* What to do *
Every record shown here must be duplicated without change.

(Material shown begins)

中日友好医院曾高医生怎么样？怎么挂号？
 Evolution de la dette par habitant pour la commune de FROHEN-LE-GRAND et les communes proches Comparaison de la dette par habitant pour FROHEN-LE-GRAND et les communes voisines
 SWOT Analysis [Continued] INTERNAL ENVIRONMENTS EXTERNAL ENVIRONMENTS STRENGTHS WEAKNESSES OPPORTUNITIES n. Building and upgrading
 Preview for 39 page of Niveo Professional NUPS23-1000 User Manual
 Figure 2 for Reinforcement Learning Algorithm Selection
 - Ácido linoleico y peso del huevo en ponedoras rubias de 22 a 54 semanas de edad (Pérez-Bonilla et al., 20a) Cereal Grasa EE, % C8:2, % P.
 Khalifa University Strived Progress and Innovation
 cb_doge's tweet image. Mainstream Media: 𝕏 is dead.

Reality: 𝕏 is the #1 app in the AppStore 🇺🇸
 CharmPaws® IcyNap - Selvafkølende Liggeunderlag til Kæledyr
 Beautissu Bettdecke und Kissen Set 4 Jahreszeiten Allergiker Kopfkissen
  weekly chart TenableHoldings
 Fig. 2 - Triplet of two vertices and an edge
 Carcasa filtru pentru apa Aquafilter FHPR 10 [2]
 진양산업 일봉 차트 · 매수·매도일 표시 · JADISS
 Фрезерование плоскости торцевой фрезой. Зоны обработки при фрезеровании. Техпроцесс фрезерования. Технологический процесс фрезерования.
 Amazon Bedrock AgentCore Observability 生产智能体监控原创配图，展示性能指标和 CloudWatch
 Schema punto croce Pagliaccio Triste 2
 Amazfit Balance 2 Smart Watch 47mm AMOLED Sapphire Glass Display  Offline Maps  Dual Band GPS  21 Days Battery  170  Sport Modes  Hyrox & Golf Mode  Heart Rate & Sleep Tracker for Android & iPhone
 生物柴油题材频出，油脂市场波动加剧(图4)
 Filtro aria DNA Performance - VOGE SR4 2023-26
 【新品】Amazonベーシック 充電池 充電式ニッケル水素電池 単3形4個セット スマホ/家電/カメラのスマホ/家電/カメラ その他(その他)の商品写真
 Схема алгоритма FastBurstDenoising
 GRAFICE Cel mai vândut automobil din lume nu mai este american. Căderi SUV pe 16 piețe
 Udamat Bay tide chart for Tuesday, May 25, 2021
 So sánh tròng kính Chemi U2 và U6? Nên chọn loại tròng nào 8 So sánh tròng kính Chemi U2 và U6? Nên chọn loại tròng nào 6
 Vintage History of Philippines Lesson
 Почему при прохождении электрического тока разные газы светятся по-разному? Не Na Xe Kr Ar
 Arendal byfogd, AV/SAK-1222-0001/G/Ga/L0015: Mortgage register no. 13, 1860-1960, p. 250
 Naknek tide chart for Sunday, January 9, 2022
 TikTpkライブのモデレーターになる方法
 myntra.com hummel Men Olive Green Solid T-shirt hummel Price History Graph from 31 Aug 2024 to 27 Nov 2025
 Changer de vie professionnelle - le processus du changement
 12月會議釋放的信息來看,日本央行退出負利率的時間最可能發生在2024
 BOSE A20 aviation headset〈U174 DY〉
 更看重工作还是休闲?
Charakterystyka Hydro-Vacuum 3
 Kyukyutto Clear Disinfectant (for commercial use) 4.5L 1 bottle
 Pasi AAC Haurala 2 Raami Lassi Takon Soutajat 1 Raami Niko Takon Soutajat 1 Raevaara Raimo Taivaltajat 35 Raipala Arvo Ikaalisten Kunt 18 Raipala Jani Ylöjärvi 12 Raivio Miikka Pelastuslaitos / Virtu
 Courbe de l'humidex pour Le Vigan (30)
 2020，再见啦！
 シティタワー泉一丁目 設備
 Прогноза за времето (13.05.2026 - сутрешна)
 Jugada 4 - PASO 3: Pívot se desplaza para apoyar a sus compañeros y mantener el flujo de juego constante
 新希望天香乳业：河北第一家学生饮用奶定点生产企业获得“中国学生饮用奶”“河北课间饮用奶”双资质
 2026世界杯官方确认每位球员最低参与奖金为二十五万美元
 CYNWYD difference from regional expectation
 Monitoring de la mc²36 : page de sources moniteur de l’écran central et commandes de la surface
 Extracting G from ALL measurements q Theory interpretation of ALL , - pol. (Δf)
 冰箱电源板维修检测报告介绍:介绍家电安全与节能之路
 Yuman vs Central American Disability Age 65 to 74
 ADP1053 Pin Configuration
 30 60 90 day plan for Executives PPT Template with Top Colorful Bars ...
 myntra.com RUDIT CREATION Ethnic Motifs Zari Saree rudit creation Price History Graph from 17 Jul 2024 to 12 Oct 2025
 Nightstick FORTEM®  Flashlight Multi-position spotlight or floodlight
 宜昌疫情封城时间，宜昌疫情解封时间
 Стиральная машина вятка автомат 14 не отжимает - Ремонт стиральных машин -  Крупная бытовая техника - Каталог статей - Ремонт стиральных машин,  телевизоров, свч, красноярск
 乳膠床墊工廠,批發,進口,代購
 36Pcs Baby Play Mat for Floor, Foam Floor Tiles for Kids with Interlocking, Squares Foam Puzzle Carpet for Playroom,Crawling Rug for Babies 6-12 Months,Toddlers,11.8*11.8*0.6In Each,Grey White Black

(Material shown ends)

* Solved problem *
中日友好医院曾高医生怎么样？怎么挂号？
 Evolution de la dette par habitant pour la commune de FROHEN-LE-GRAND et les communes proches Comparaison de la dette par habitant pour FROHEN-LE-GRAND et les communes voisines
 SWOT Analysis [Continued] INTERNAL ENVIRONMENTS EXTERNAL ENVIRONMENTS STRENGTHS WEAKNESSES OPPORTUNITIES n. Building and upgrading
 Preview for 39 page of Niveo Professional NUPS23-1000 User Manual
 Figure 2 for Reinforcement Learning Algorithm Selection
 - Ácido linoleico y peso del huevo en ponedoras rubias de 22 a 54 semanas de edad (Pérez-Bonilla et al., 20a) Cereal Grasa EE, % C8:2, % P.
 Khalifa University Strived Progress and Innovation
 cb_doge's tweet image. Mainstream Media: 𝕏 is dead.

Reality: 𝕏 is the #1 app in the AppStore 🇺🇸
 CharmPaws® IcyNap - Selvafkølende Liggeunderlag til Kæledyr
 Beautissu Bettdecke und Kissen Set 4 Jahreszeiten Allergiker Kopfkissen
  weekly chart TenableHoldings
 Fig. 2 - Triplet of two vertices and an edge
 Carcasa filtru pentru apa Aquafilter FHPR 10 [2]
 진양산업 일봉 차트 · 매수·매도일 표시 · JADISS
 Фрезерование плоскости торцевой фрезой. Зоны обработки при фрезеровании. Техпроцесс фрезерования. Технологический процесс фрезерования.
 Amazon Bedrock AgentCore Observability 生产智能体监控原创配图，展示性能指标和 CloudWatch
 Schema punto croce Pagliaccio Triste 2
 Amazfit Balance 2 Smart Watch 47mm AMOLED Sapphire Glass Display  Offline Maps  Dual Band GPS  21 Days Battery  170  Sport Modes  Hyrox & Golf Mode  Heart Rate & Sleep Tracker for Android & iPhone
 生物柴油题材频出，油脂市场波动加剧(图4)
 Filtro aria DNA Performance - VOGE SR4 2023-26
 【新品】Amazonベーシック 充電池 充電式ニッケル水素電池 単3形4個セット スマホ/家電/カメラのスマホ/家電/カメラ その他(その他)の商品写真
 Схема алгоритма FastBurstDenoising
 GRAFICE Cel mai vândut automobil din lume nu mai este american. Căderi SUV pe 16 piețe
 Udamat Bay tide chart for Tuesday, May 25, 2021
 So sánh tròng kính Chemi U2 và U6? Nên chọn loại tròng nào 8 So sánh tròng kính Chemi U2 và U6? Nên chọn loại tròng nào 6
 Vintage History of Philippines Lesson
 Почему при прохождении электрического тока разные газы светятся по-разному? Не Na Xe Kr Ar
 Arendal byfogd, AV/SAK-1222-0001/G/Ga/L0015: Mortgage register no. 13, 1860-1960, p. 250
 Naknek tide chart for Sunday, January 9, 2022
 TikTpkライブのモデレーターになる方法
 myntra.com hummel Men Olive Green Solid T-shirt hummel Price History Graph from 31 Aug 2024 to 27 Nov 2025
 Changer de vie professionnelle - le processus du changement
 12月會議釋放的信息來看,日本央行退出負利率的時間最可能發生在2024
 BOSE A20 aviation headset〈U174 DY〉
 更看重工作还是休闲?
Charakterystyka Hydro-Vacuum 3
 Kyukyutto Clear Disinfectant (for commercial use) 4.5L 1 bottle
 Pasi AAC Haurala 2 Raami Lassi Takon Soutajat 1 Raami Niko Takon Soutajat 1 Raevaara Raimo Taivaltajat 35 Raipala Arvo Ikaalisten Kunt 18 Raipala Jani Ylöjärvi 12 Raivio Miikka Pelastuslaitos / Virtu
 Courbe de l'humidex pour Le Vigan (30)
 2020，再见啦！
 シティタワー泉一丁目 設備
 Прогноза за времето (13.05.2026 - сутрешна)
 Jugada 4 - PASO 3: Pívot se desplaza para apoyar a sus compañeros y mantener el flujo de juego constante
 新希望天香乳业：河北第一家学生饮用奶定点生产企业获得“中国学生饮用奶”“河北课间饮用奶”双资质
 2026世界杯官方确认每位球员最低参与奖金为二十五万美元
 CYNWYD difference from regional expectation
 Monitoring de la mc²36 : page de sources moniteur de l’écran central et commandes de la surface
 Extracting G from ALL measurements q Theory interpretation of ALL , - pol. (Δf)
 冰箱电源板维修检测报告介绍:介绍家电安全与节能之路
 Yuman vs Central American Disability Age 65 to 74
 ADP1053 Pin Configuration
 30 60 90 day plan for Executives PPT Template with Top Colorful Bars ...
 myntra.com RUDIT CREATION Ethnic Motifs Zari Saree rudit creation Price History Graph from 17 Jul 2024 to 12 Oct 2025
 Nightstick FORTEM®  Flashlight Multi-position spotlight or floodlight
 宜昌疫情封城时间，宜昌疫情解封时间
 Стиральная машина вятка автомат 14 не отжимает - Ремонт стиральных машин -  Крупная бытовая техника - Каталог статей - Ремонт стиральных машин,  телевизоров, свч, красноярск
 乳膠床墊工廠,批發,進口,代購
 36Pcs Baby Play Mat for Floor, Foam Floor Tiles for Kids with Interlocking, Squares Foam Puzzle Carpet for Playroom,Crawling Rug for Babies 6-12 Months,Toddlers,11.8*11.8*0.6In Each,Grey White Black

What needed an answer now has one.